Tormenta invernal histórica azota el noreste estadounidense con consecuencias devastadoras
Una tormenta de nieve de proporciones históricas continúa afectando severamente al noreste de Estados Unidos, donde los gobernadores de ocho estados han declarado formalmente situación de emergencia ante la magnitud del fenómeno meteorológico. Más de 40 millones de personas se enfrentan a condiciones extremas que han paralizado gran parte de la región.
Impacto inmediato y medidas de emergencia
Los estados de Connecticut, Delaware, Maryland, Massachusetts, Nueva Jersey, Nueva York, Pensilvania y Rhode Island han activado protocolos de emergencia ante una tormenta que ha depositado hasta 90 centímetros de nieve en algunas zonas, acompañada de ráfagas de viento que alcanzan los 90 km/h y una visibilidad drásticamente reducida. Desde las primeras horas del lunes, se registraron:
- Cancelación de más de 6.000 vuelos con origen o destino en Estados Unidos
- Corte de electricidad en aproximadamente 570.000 hogares
- Suspensión del transporte público en múltiples jurisdicciones
- Cierre de escuelas, servicios municipales y comercios en toda la región
El aeropuerto de Providence, en Rhode Island, estableció un récord histórico al registrar 83 centímetros de acumulación de nieve, con pronósticos que indicaban la posibilidad de alcanzar los 90 centímetros durante la tarde.
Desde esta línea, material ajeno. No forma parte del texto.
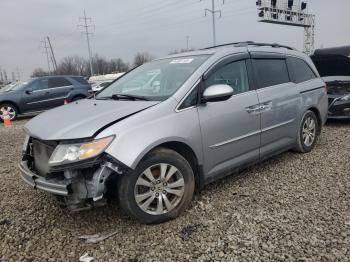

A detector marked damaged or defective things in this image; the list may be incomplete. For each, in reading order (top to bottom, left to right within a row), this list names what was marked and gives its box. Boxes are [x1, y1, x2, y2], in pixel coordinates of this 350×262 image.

crushed front end [19, 135, 129, 211]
En la ciudad de Nueva York, donde cayeron entre 40 y 50 centímetros de nieve, las autoridades restringieron inicialmente la circulación de vehículos no esenciales, aunque posteriormente la autorizaron con advertencias sobre condiciones peligrosas.
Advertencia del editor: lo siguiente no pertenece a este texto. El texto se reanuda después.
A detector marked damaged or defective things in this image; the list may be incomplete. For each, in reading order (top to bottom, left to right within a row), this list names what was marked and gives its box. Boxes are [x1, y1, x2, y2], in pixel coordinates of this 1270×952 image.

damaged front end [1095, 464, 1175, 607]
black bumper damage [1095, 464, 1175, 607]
Respuesta de las autoridades y afectación ciudadana
El alcalde de Nueva York, Zohran Mamdani, declaró en conferencia de prensa que "según las previsiones actuales, lo peor ya ha pasado", aunque advirtió sobre la posibilidad de acumulaciones adicionales de entre cuatro y siete centímetros. Mamdani destacó que no se tenían registros de fallecimientos relacionados con la tormenta en espacios públicos de la ciudad.
Michelle Wu, alcaldesa de Boston, ordenó el cierre de todas las escuelas públicas y edificios municipales, instando a la población a "planificar con antelación, mantenerse seguros y abrigados, y permanecer fuera de las carreteras". Grandes urbes como Nueva York, Filadelfia y Boston habilitaron centros de calefacción para personas que pudieran quedar atrapadas en exteriores debido a las temperaturas extremas.
Consecuencias a largo plazo y reacciones ciudadanas
Esta tormenta representa la segunda gran afectación invernal que sufre la costa este del país en menos de un mes, generando frustración entre parte de la población. Vincent Greer, residente de Wildwood, Nueva Jersey, expresó su cansancio: "Estoy harto. No quiero ver ni un copo más de nieve", mientras retiraba la nieve acumulada frente a su edificio.
Sin embargo, otros ciudadanos encontraron belleza en el fenómeno. Chris Crowell, de 45 años, comentó en la Grand Central Station de Nueva York: "Tanta nieve, es simplemente preciosa". El Servicio Meteorológico Nacional había emitido advertencias adicionales sobre riesgo de inundaciones en ciertas zonas de Nueva York, Nueva Jersey y Massachusetts.
La tormenta llega poco después de que el este del país recuperara cierta normalidad tras el paso devastador de otro frente frío que causó más de 100 muertes. Las autoridades mantienen vigilancia constante mientras evalúan los daños y coordinan los esfuerzos de recuperación en una región que enfrenta uno de los inviernos más desafiantes de las últimas décadas.